Nascar Drivers, Please Split Your Head Open
Ok...this is a Jerry Seinfeld "what's the deal with..." moment. I'm sorry, but I just can't help it. What's the deal with Nascar drivers doing back flips off the top of their car every time they win a damn race? Every time on I turn on Sportscenter, looking to see the highlights of a real sport, I am instead subjected to five different camera angles of some dude covered in ads for laundry detergent doing acrobatics off a stock car.Wow, so you drove a car around in a circle without blowing a tire or slamming into a wall. Congratulations. You don't see me doing flips off my civic every time I make it home from the grocery store unscathed. You know, whoever did the back flip first must get some props. I'm sure it was really cool at first. But having every driver do the same celebration when they win might just be the lamest thing ever. Imagine for a moment if every time any player in the NFL scored a touchdown, they pulled out a cell phone. I'm pretty sure it would lose its appeal real fast. The back flip has lost its appeal. Nascar drivers, you need to stop. It is only a matter of time before one of you doesn't land your victory flip and you're brains are getting powerwashed off the pavement.

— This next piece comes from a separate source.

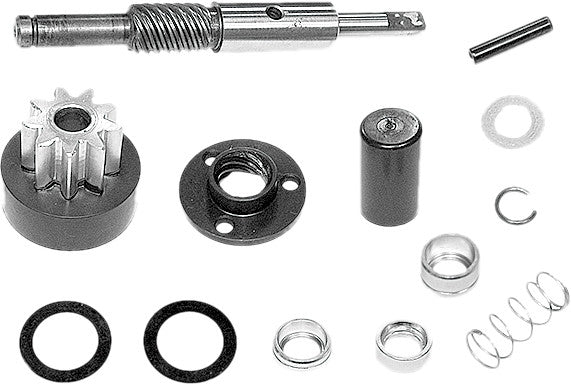 SP1 STARTER DRIVE GEAR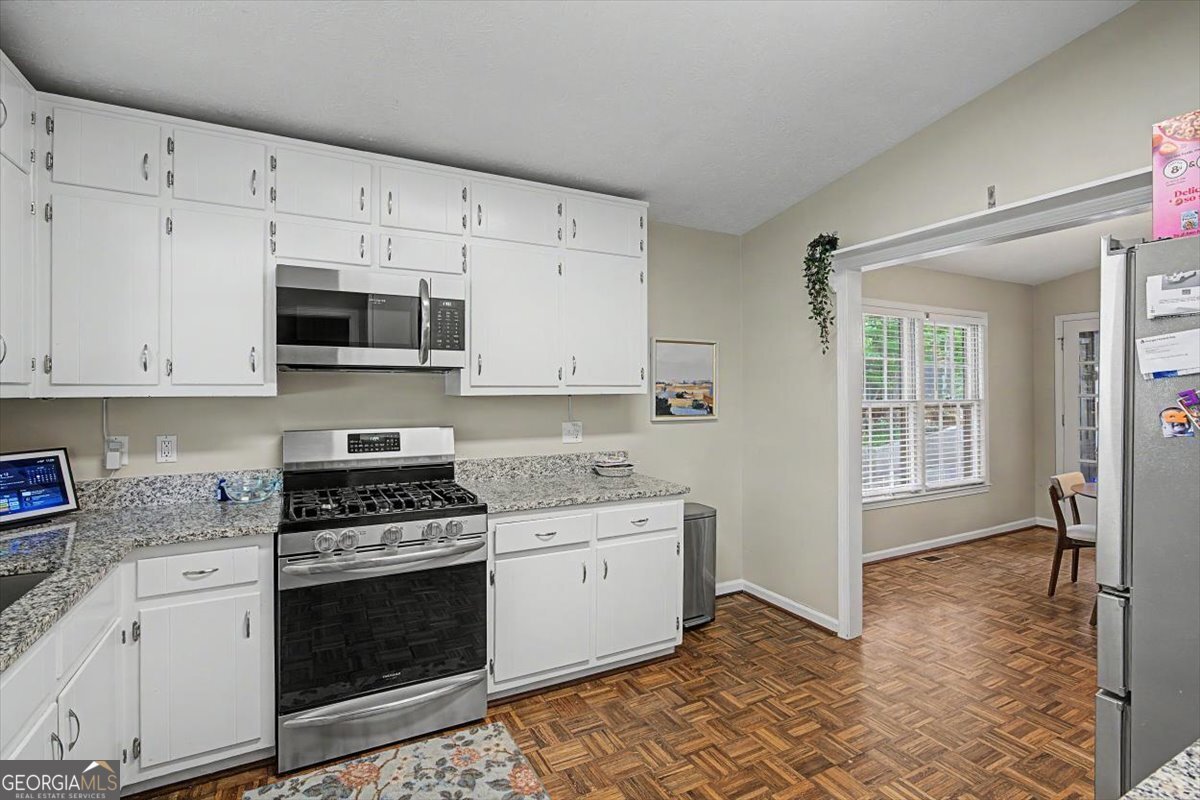 107 Lisa Lane Carrollton - Photo 18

Since the average Nascar driver has about three braincells, I understand it may be difficult for you guys to come up with new celebrations. So to make things easier, I've decided to offer you a couple suggestions.
1. Start slamming whatever it is that is plastered all over your car and uniform. If you're sponsored by Jack Danials, lets see you pound that for a few minutes....then attempt the back flip. And if you're sponsored by Tide or some Anti-Freeze, even better. If your sponsor is an actual drink, like Pepsi or Mountain do or something, immidietly resort to suggestion #3.
2. Secede from the Union. This may take a little longer than doing a back flip, but I think its worth it. The fact that more people in the US watch this shit instead of the NHL makes about as much sense as Charles Barkley's last book. The "chase for the cup" or whatever its called should have its own country. I'm sure it would have a great constitution and bill of rights...or at least a lot of Busch Light.
3. Kill yourself. Your sport, and its fans, are completly worthless. Just pull out daddy's twelve gauge and swallow the barrell. I'm tired of seeing you on TV, throwing helmets at each other, bitching about how someone bumped you, or being lumped in the same category as people who play real sports. And most of all, I'm tired of watching a bunch of rednecks doing their best Kerri Strug impression everytime I turn on Sportscenter. So please stop.
To all my fans down south...Sorry. Watch hockey.



1 Comments:
Always a nice break from my long boring desk job to take a look at your blog. I agree on the whole NASCAR phenomenon; If I have to hear some redneck whining one more time about NASCAR being "the fastest growing spectator sport in America" I'll suicide bomb the Brickyard 400.